* **Brief**
From the entries below, reproduce exactly the lines from the one with "American Buck child hoodie-2021" through the one with "德国TURCK图尔克光电传感器SL30VB6V", both included, without images.

* **Records for this exercise**
* * * * * * *

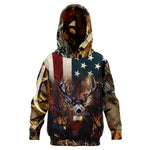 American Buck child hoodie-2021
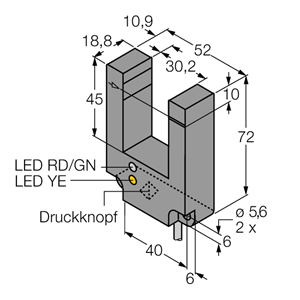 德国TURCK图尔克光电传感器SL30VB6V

* * * * * * *

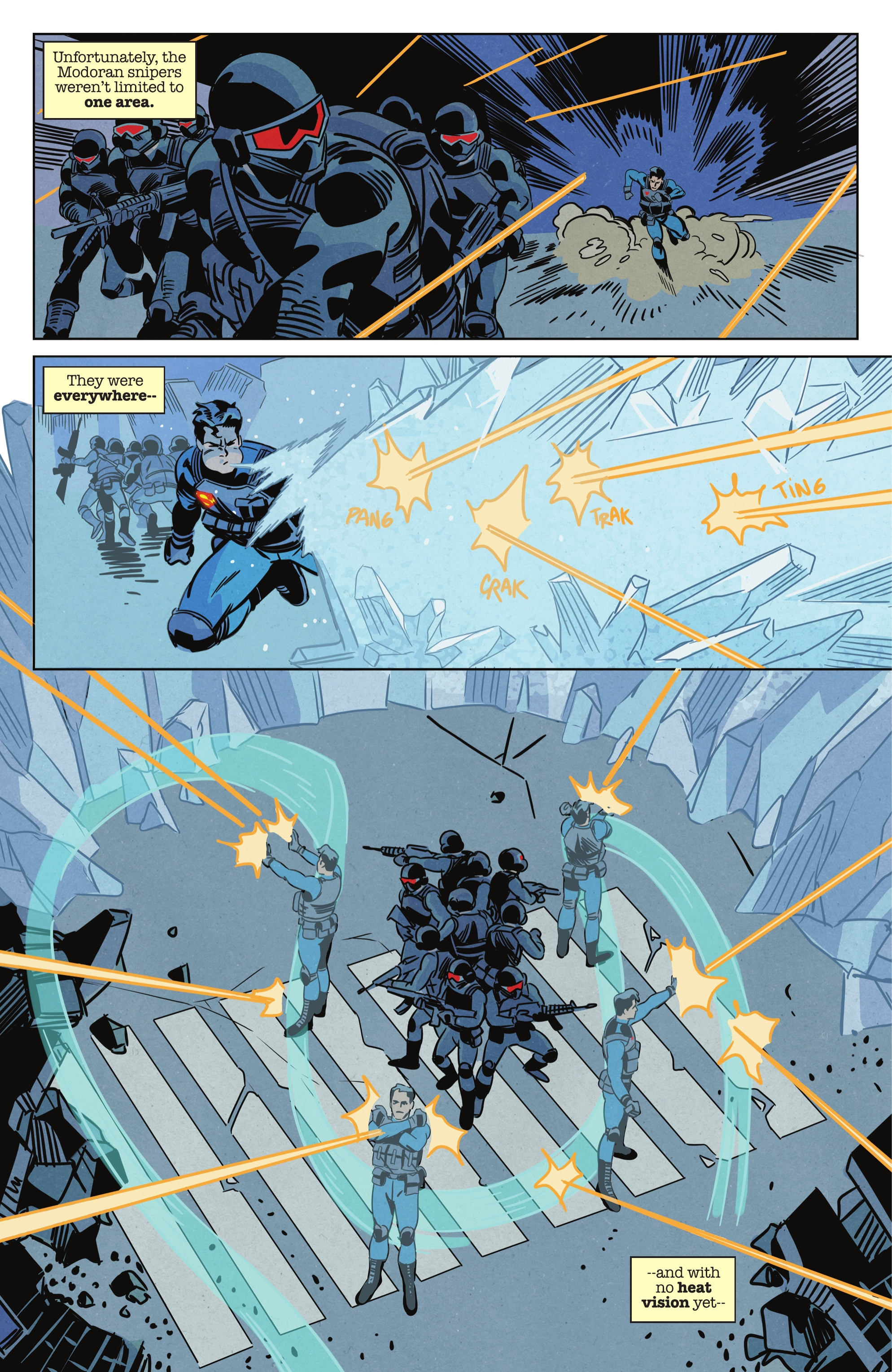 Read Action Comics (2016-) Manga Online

* * * * * * *

* **Response box**
 American Buck child hoodie-2021
 德国TURCK图尔克光电传感器SL30VB6V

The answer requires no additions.